April marks the beginning of eviction and ends the winter truce. Beginning April 1 the winter truce will come to an end, which means French landlords will have the right to evict tenants and many homeless people will find themselves out on the streets.

Winter truce takes place for five months from November 1st to April 1st in which landlords are not legally allowed to evict tenants for any reason. The truce is meant as a measure to ensure people are not forced to become homeless and sleep on the cold streets during winter.

Beginning April 1st, police can start enforcing eviction notices that have been piling up throughout the winter months. The rules of the truce prevent landlords from cutting off gas and electricity to tenants during this time period however it does not cover those living in buildings considered dangerous.
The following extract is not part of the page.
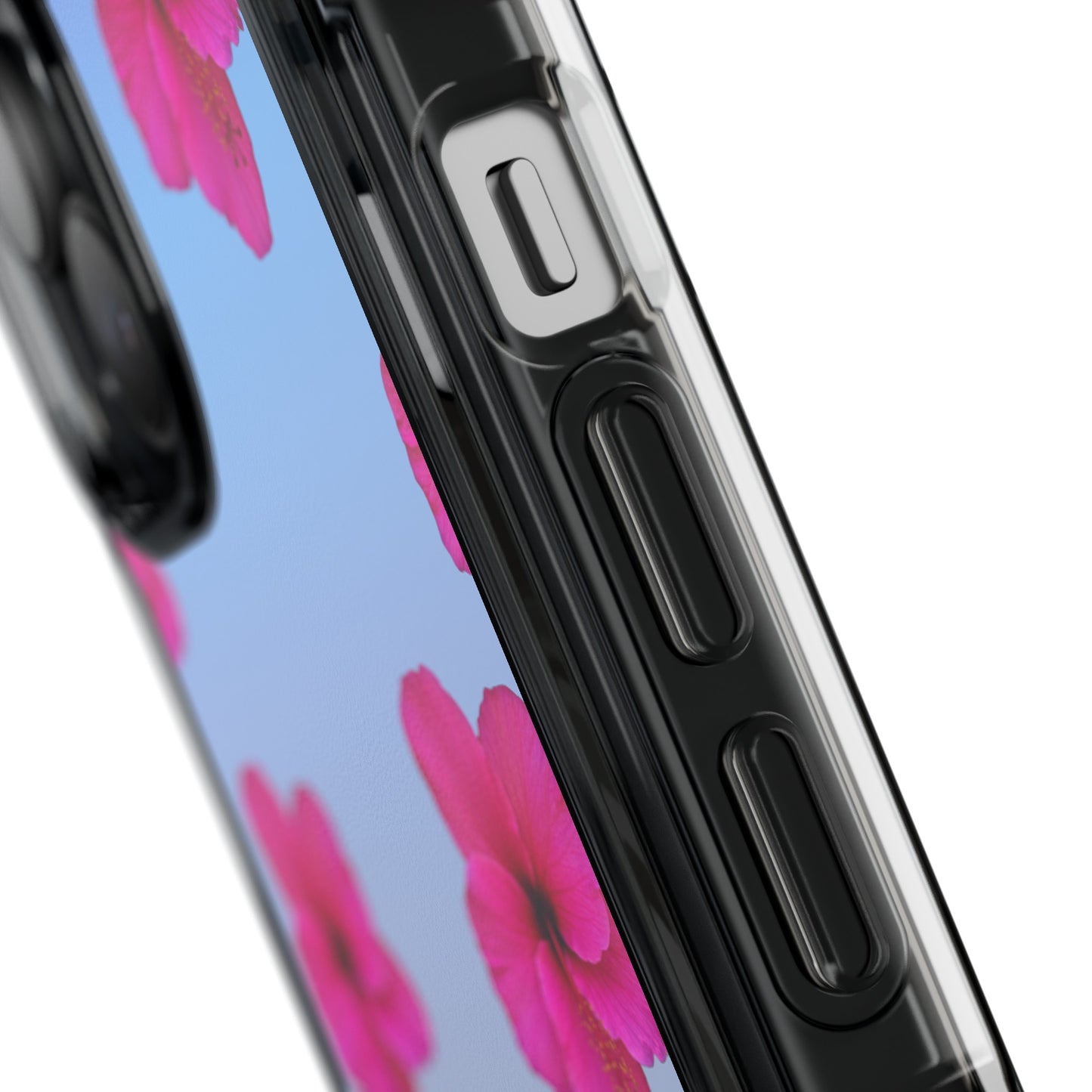 Gradient Dream (Impact: Clear magsafe-compatible/Magnetic)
The law is highly debated, and hundreds marched in Paris against the fact that many people are going to become homeless this week. It is estimated that between 80,000 to 100,000 people across the country could be effected by eviction over coming months.

In addition, it is not just those who’ve had homes that could soon be evicted but also April 1st is when the state closes many emergency housing for homeless that was set up set up during the winter months. It is estimated the emergency housing closure will affect around 8,000 people.

Critics state the government needs to build more affordable housing so this crisis does not continue at this volume.

Statistics indicate that approximately 115,000 families were subjected to court ordered evictions in 2012, which has increased by 37 percent in the last ten years.